Despite recent signs of stabilization, underperforming CMBS retail assets in secondary and tertiary markets will face a slow recovery going into 2016 if retailers experience a weak holiday season, according to Fitch Ratings.
Though the US Department of Commerce’s measure of all retail sales reported that September’s sales have risen by 2.4% year over year, Fitch expects that retail holiday sales will be up between 3.0%-4.0% compared with last year’s 4.1%.
Store closings have already been frequent so far this year, including names like The Gap, Family Dollar, Dollar Tree, Dollar General, Macy’s, Office Depot/Office Max, American Eagle, and Golf Galaxy.
Disappointing sales and/or pressure on labor costs due to minimum wage hikes (launched in the spring) could lead to additional store closings, particularly in underperforming locations in class B and C malls, according to Fitch.

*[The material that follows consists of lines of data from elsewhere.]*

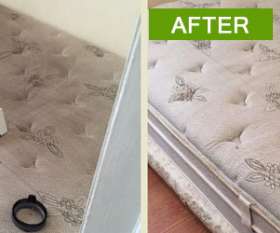 My Home Mattress Cleaner - Mattress Cleaning Perth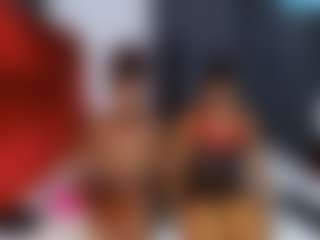 CrystalXebony's Live Sex Cam Show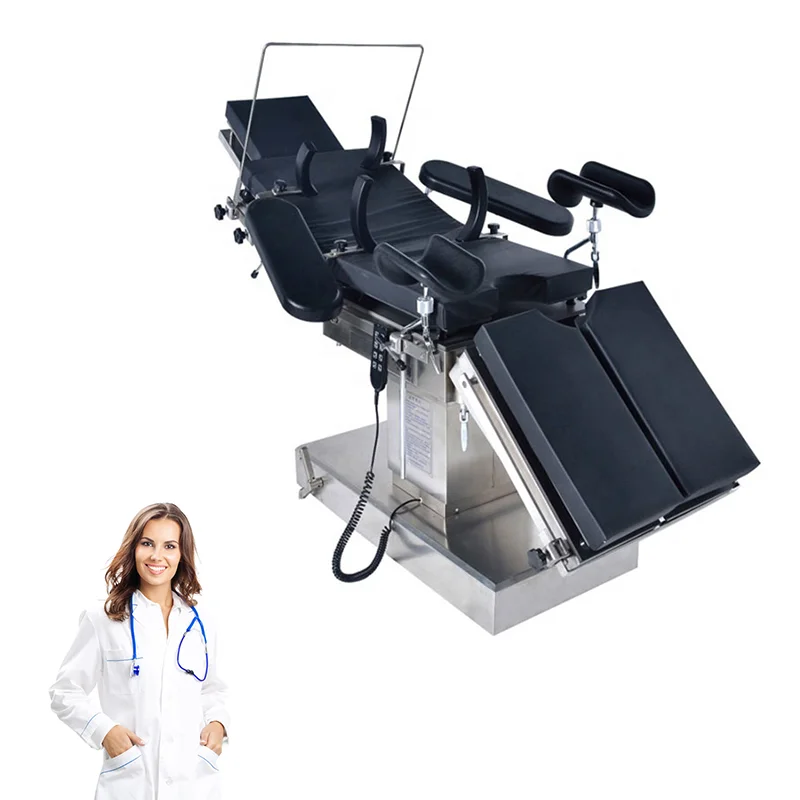 Best Price Of Custom Luxury Hydraulic Operation Table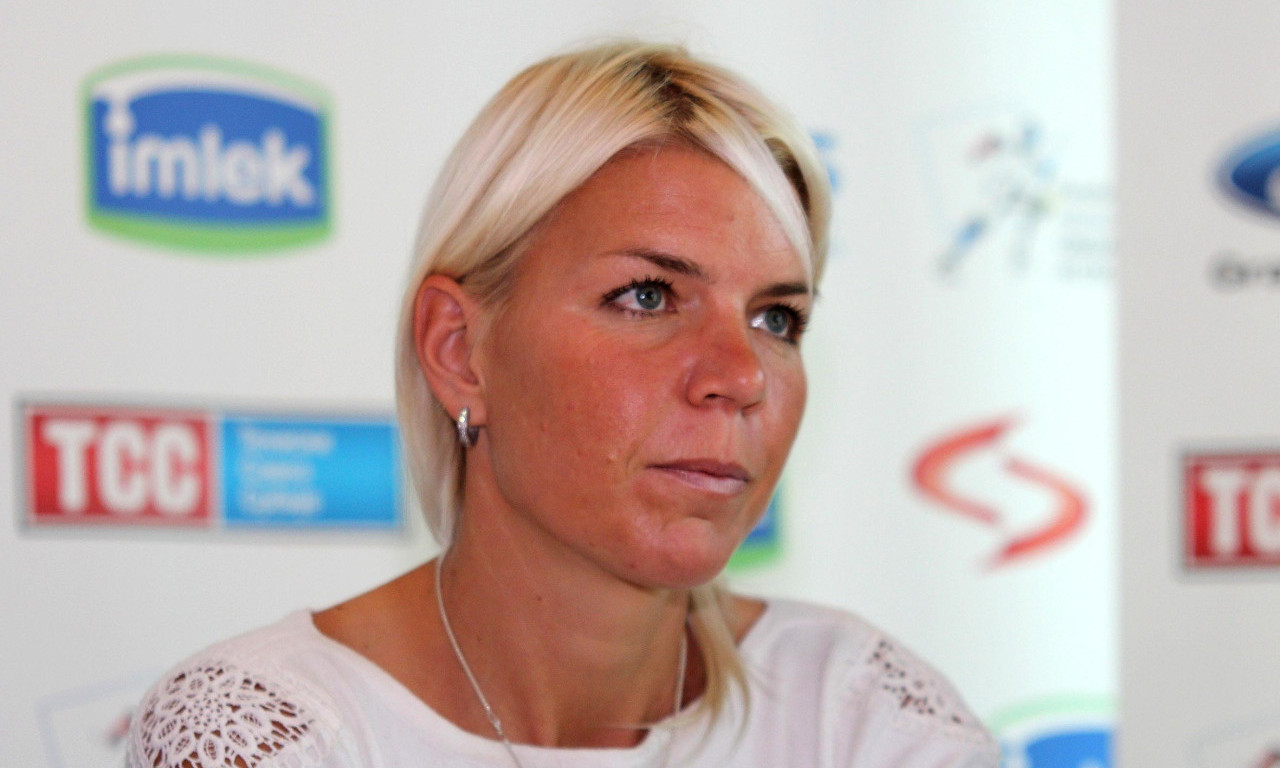 POTRESNO SAOPŠTENJE PORODICE KARIĆ: Oprostili se od tragično stradale Tatjane Ječmenice – „Bila je uzor generacijama“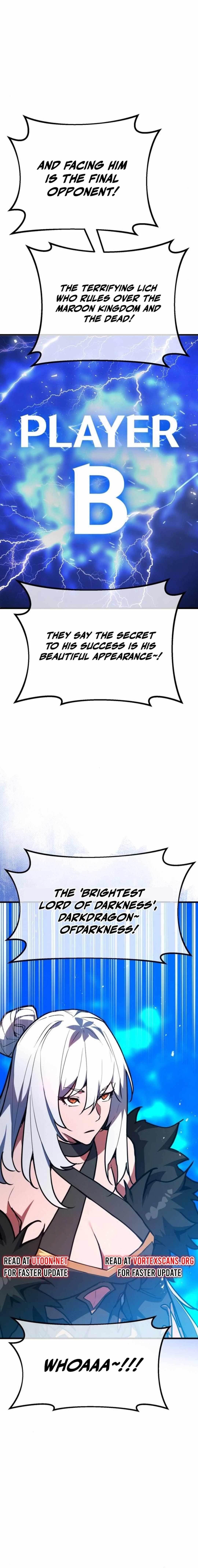 18+ The Game’s Top Troll Chapter 115 page 24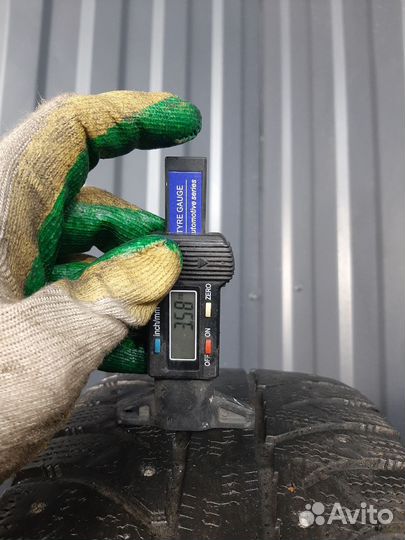 Bridgestone Ice Cruiser 7000 185/65 R15 88T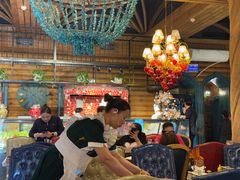 -卢布里西餐厅(满洲里店)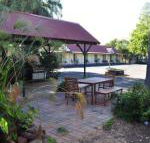 Bungalow Motel - Hotel NSW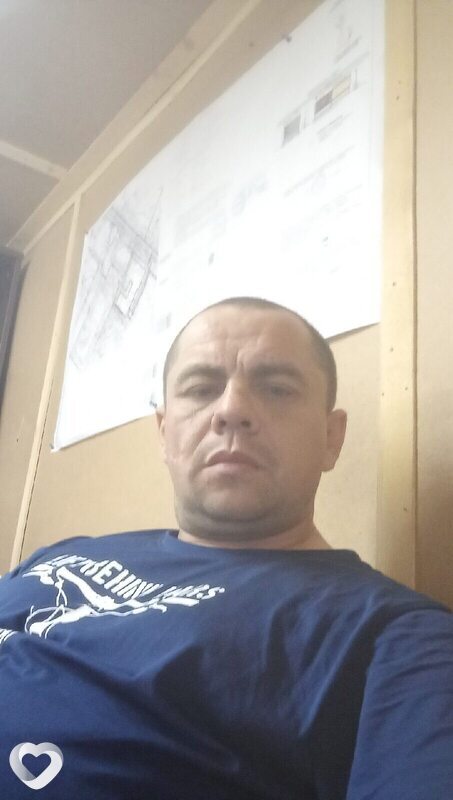 Максим, 46, Москве — анкета №2020836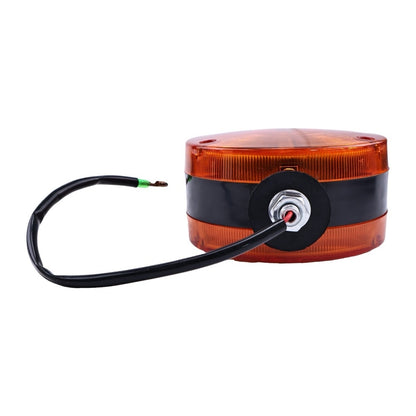 Turn Signal Light Lamp 35450-75010 fits Kubota Tractor B7200D B8200HST-DP B9200HST-DP L245DT M4950DT M5950DT M7030DT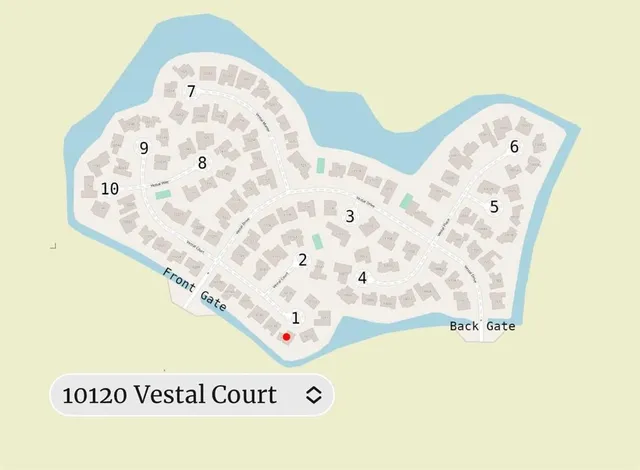 $1,250,000 | 10120 Vestal Court, Coral Springs, FL 33071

Retail delinquencies are lagging the rest of the CMBS market, climbing 39 bps over the past 12 months compared to an overall 31 bps delinquency rate decline. Additionally, retail assets have been the slowest to refinance.
However, while 2Q15 CMBS retail vacancy declined to a new post-recession low, rents grew by a tepid 0.6%. And modest construction activity “will help support rental rates, as it will ensure that the amount of available mall space is prudent.”
The ratings agency noted earlier this year that retail loans falling into special servicing typically back malls in weaker secondary or tertiary markets, especially malls suffering from the departure of an anchor tenant.